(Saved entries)
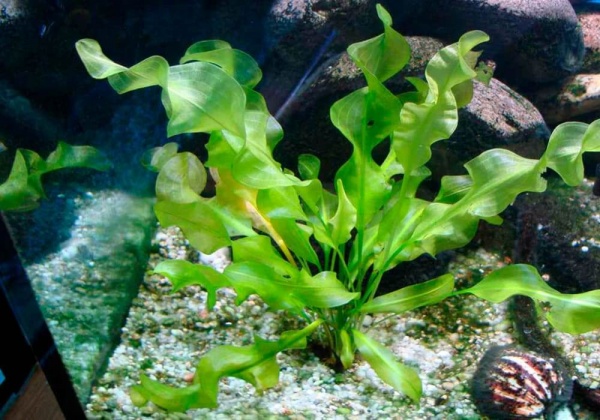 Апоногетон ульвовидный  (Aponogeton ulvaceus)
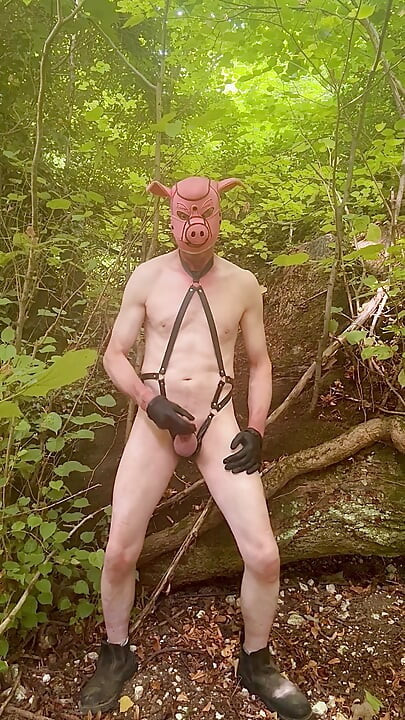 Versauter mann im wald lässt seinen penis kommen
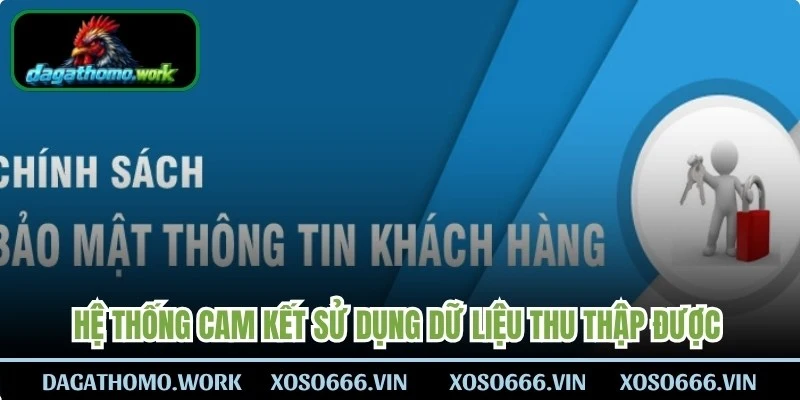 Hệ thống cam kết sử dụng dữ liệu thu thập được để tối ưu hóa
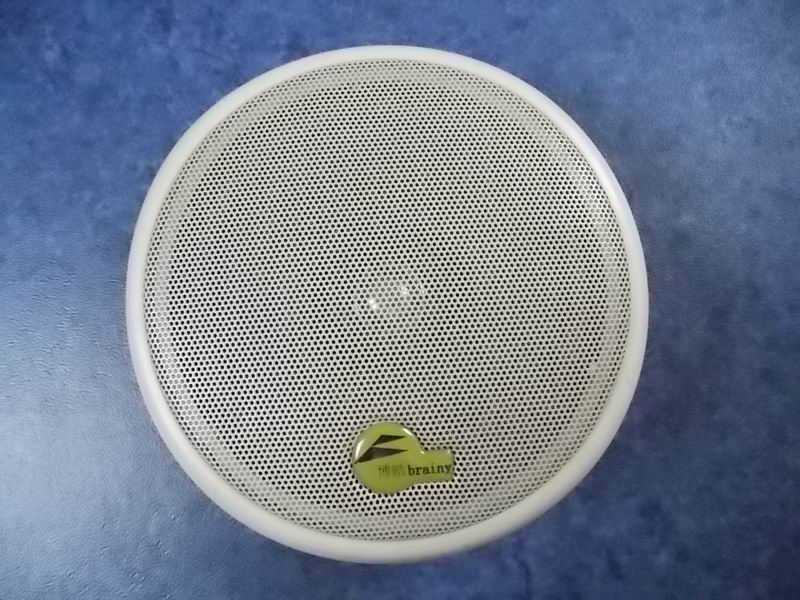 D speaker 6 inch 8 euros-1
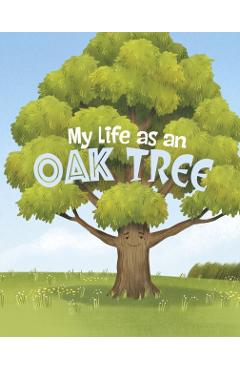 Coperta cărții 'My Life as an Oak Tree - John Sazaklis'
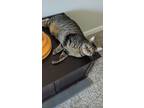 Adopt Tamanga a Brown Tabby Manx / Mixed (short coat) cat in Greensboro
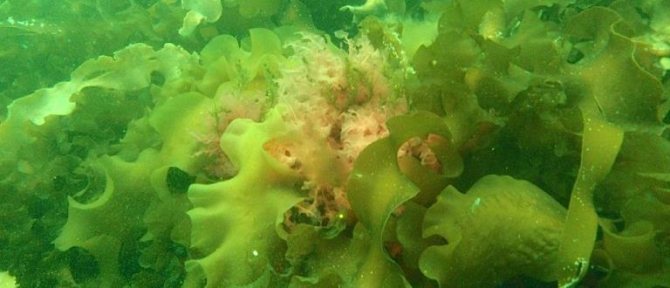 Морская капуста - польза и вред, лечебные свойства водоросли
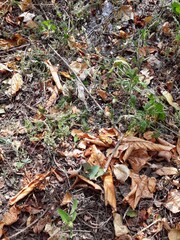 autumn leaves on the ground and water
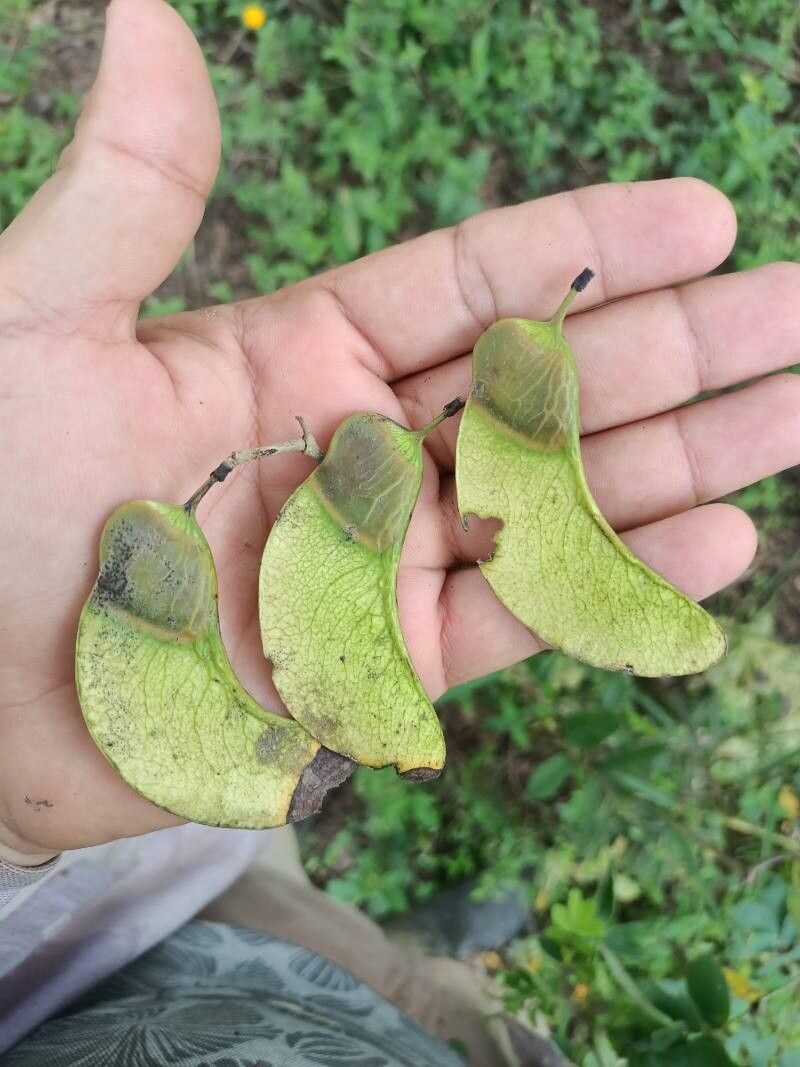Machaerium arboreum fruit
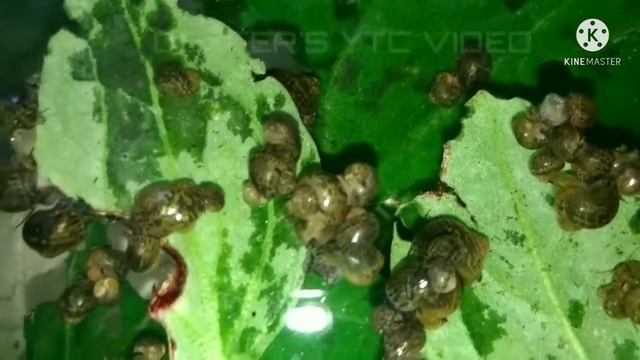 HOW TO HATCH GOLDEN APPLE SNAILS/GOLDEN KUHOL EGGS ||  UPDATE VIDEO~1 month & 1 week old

==

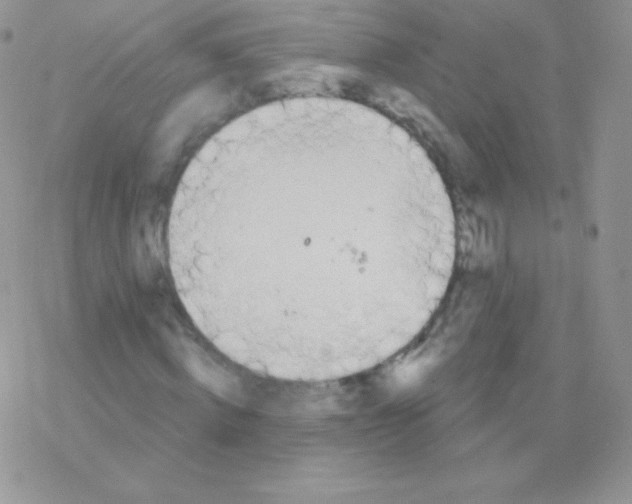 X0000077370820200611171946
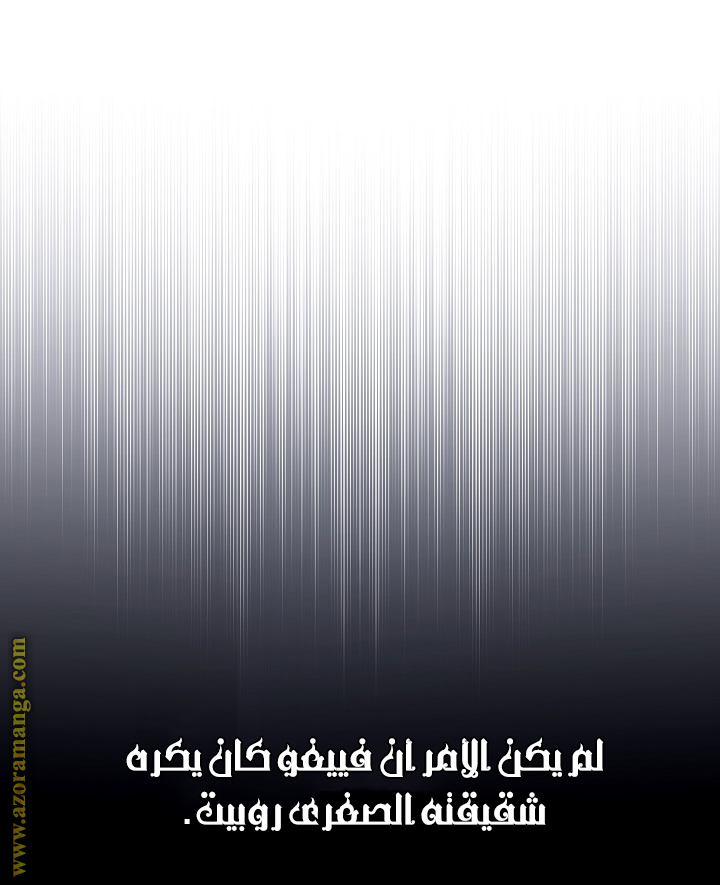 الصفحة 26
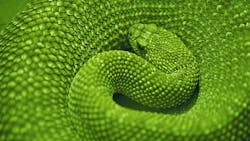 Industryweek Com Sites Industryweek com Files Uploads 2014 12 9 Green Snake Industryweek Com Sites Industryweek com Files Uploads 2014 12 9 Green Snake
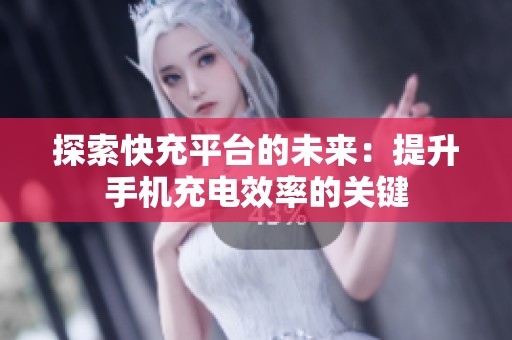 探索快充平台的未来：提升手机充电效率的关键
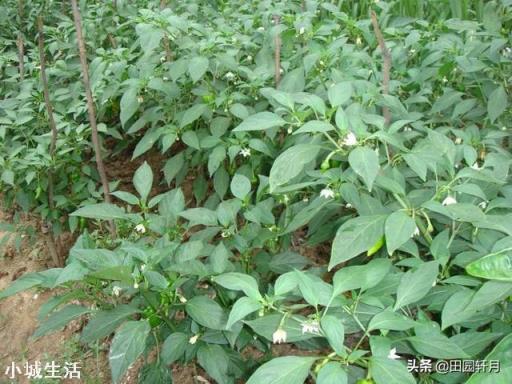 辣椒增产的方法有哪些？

_Try it_:
Would you please repeat only the lines above, beginning at the one that has "autumn leaves on the ground and water" and stopping after the one that has "HOW TO HATCH", exactly and with no pictures?

_Response for this exercise_:
 autumn leaves on the ground and water
Machaerium arboreum fruit
 HOW TO HATCH GOLDEN APPLE SNAILS/GOLDEN KUHOL EGGS ||  UPDATE VIDEO~1 month & 1 week old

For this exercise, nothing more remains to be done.